:: WORK INSTRUCTIONS ::
Leaving out all pictures, copy the lines below exactly, from the line with "QR Code for" to the last line, both ends included.

(Captioned web image data)
○ ○ ○

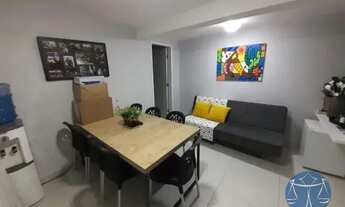 Imagem 5: CASA EM LAGOA NOVA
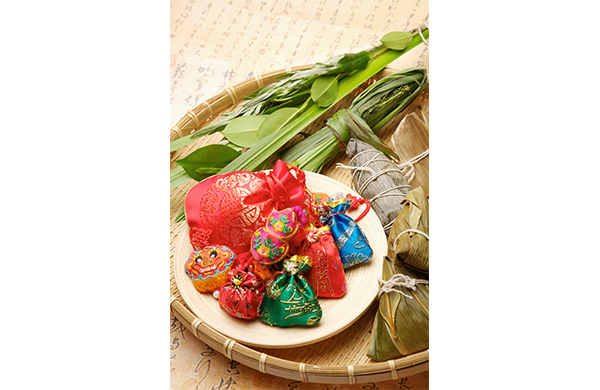 艾草粽子香包-1.jpg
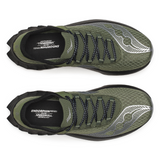 Saucony Mens Endorphin Pro 4
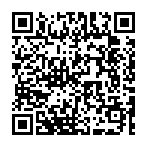 C&oacute;digo QR con el enlace al titular Federer dice adiÃ³s a Wimbledon tras un quinto set que finalizÃ³ 13-11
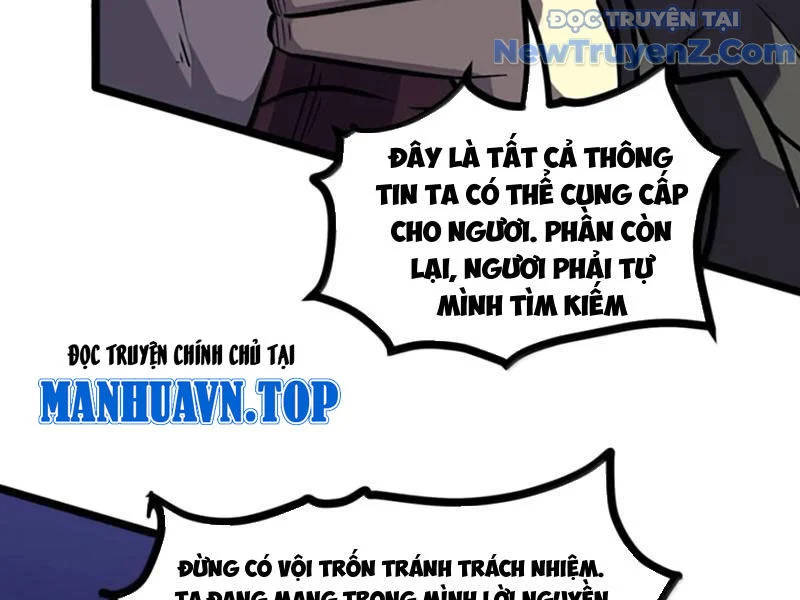 Ta Nhặt Rác Thượng Vương Giả Chapter 67 - Trang 2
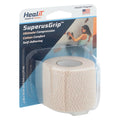 Healit SuperusGrip Fashë – 2 inç X 70 inç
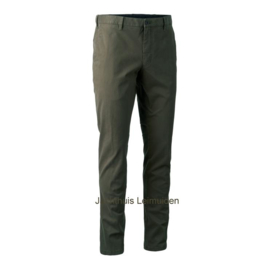 Deerhunter Casual broek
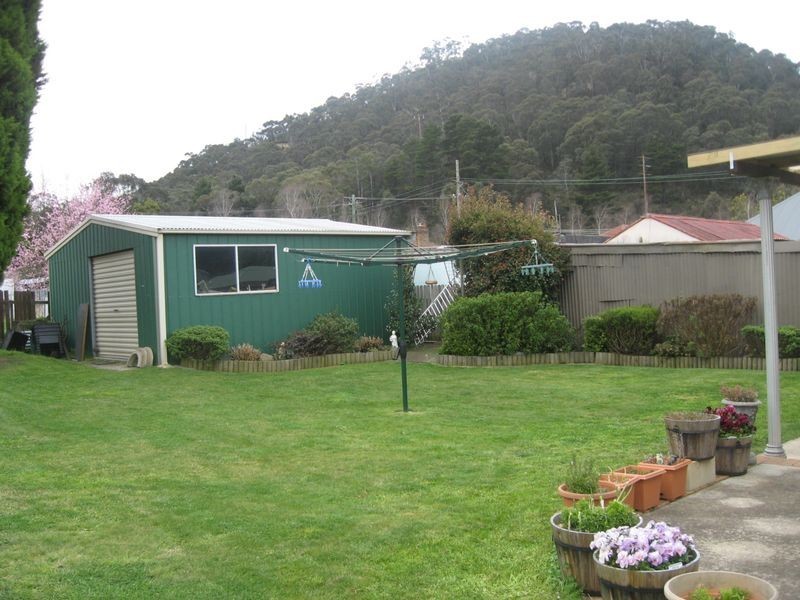 2 Selwyn Street, Lithgow NSW 2790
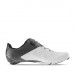 GAERNE tretry sil.Jet Carbon anthracite white EUR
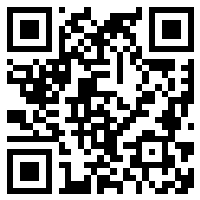 QR Code for 3F8xocdfWGE7j3LdgHEh7B2DxQDBFaJyog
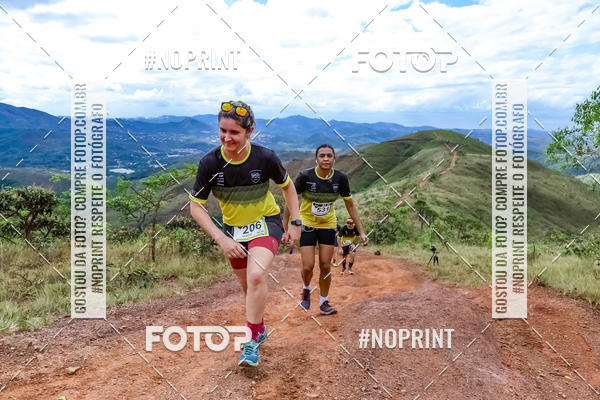 Buy your photos of the eventDesafio Brou Trail Run - Nova Lima - MG on Fotop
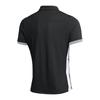Nike Mens Dri-Fit Academy 25 Short-Sleeved Polo Shirt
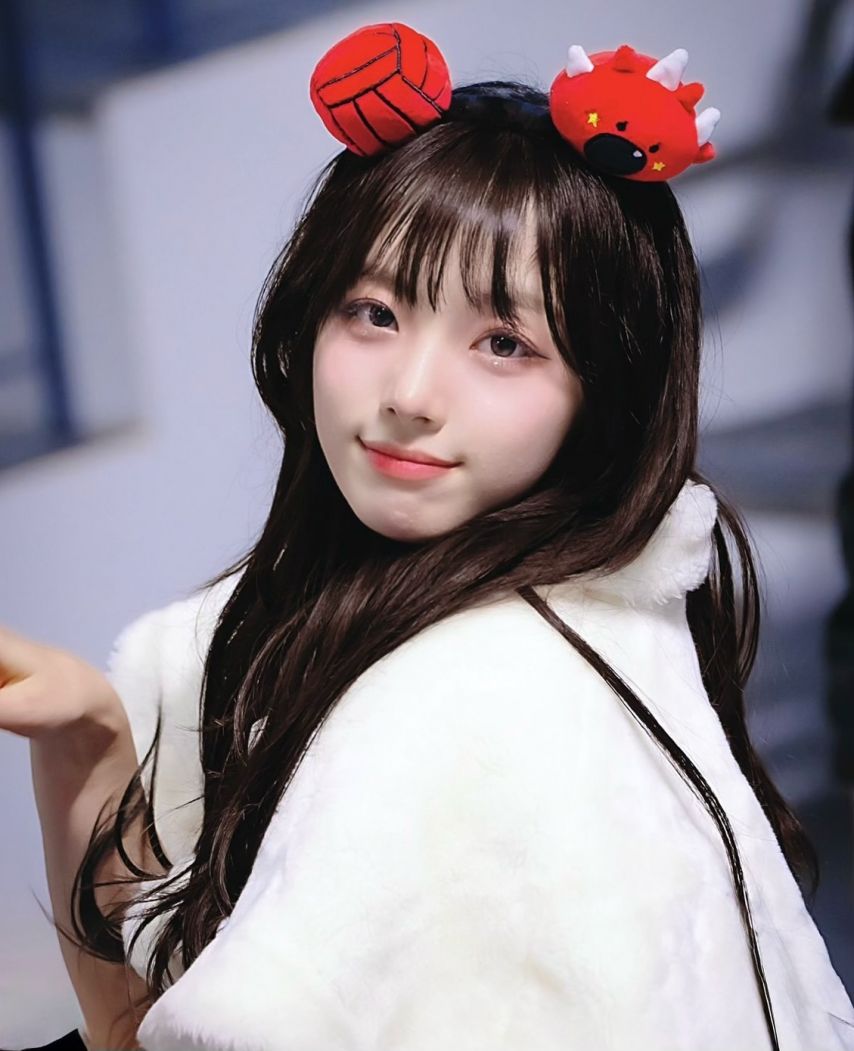 하지원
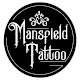 Mansfield Tattoo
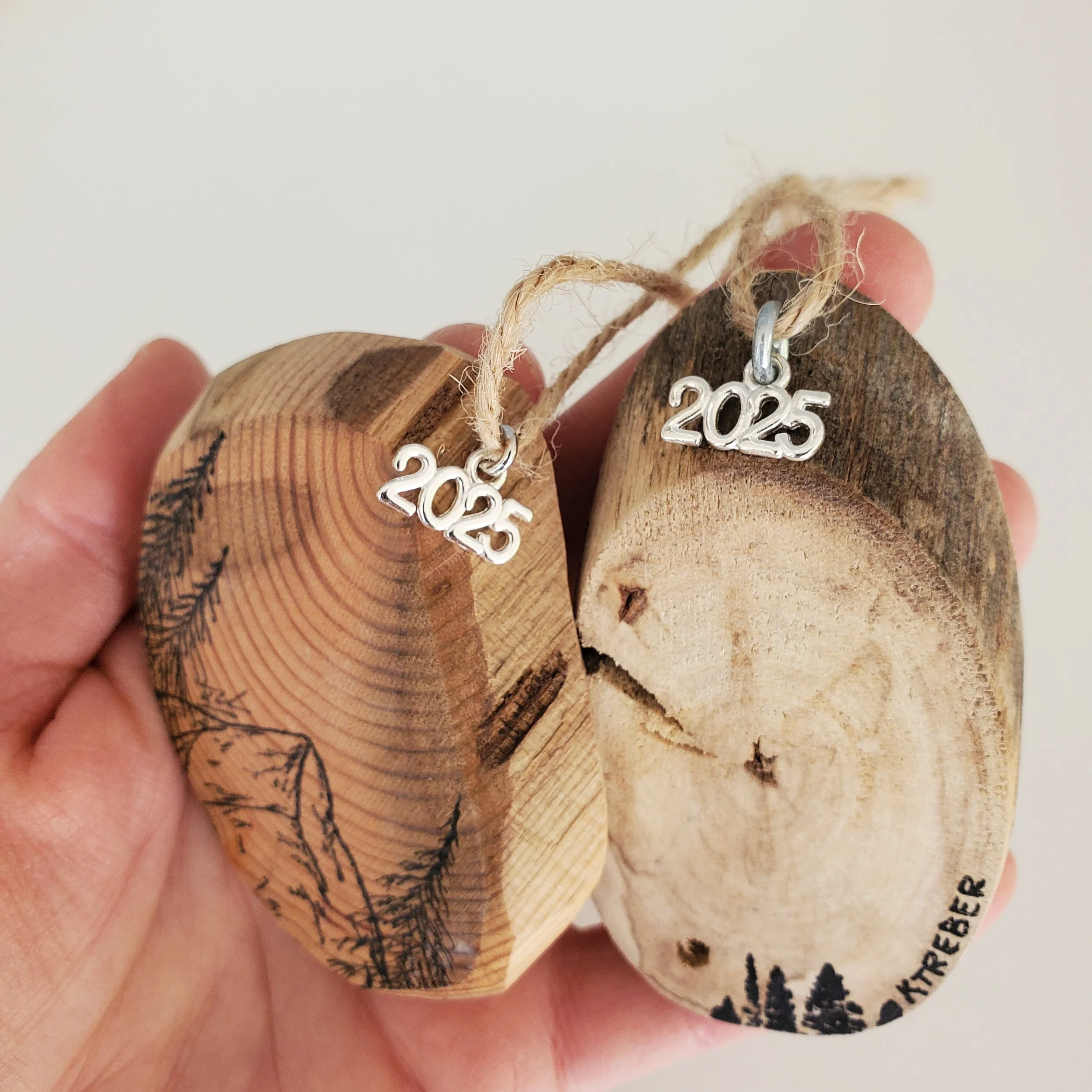 20251002_115217.jpg (Copy) (Copy)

○ ○ ○

:: ANSWER TO THIS TASK ::
 QR Code for 3F8xocdfWGE7j3LdgHEh7B2DxQDBFaJyog
 Buy your photos of the eventDesafio Brou Trail Run - Nova Lima - MG on Fotop
Nike Mens Dri-Fit Academy 25 Short-Sleeved Polo Shirt
 하지원
 Mansfield Tattoo
 20251002_115217.jpg (Copy) (Copy)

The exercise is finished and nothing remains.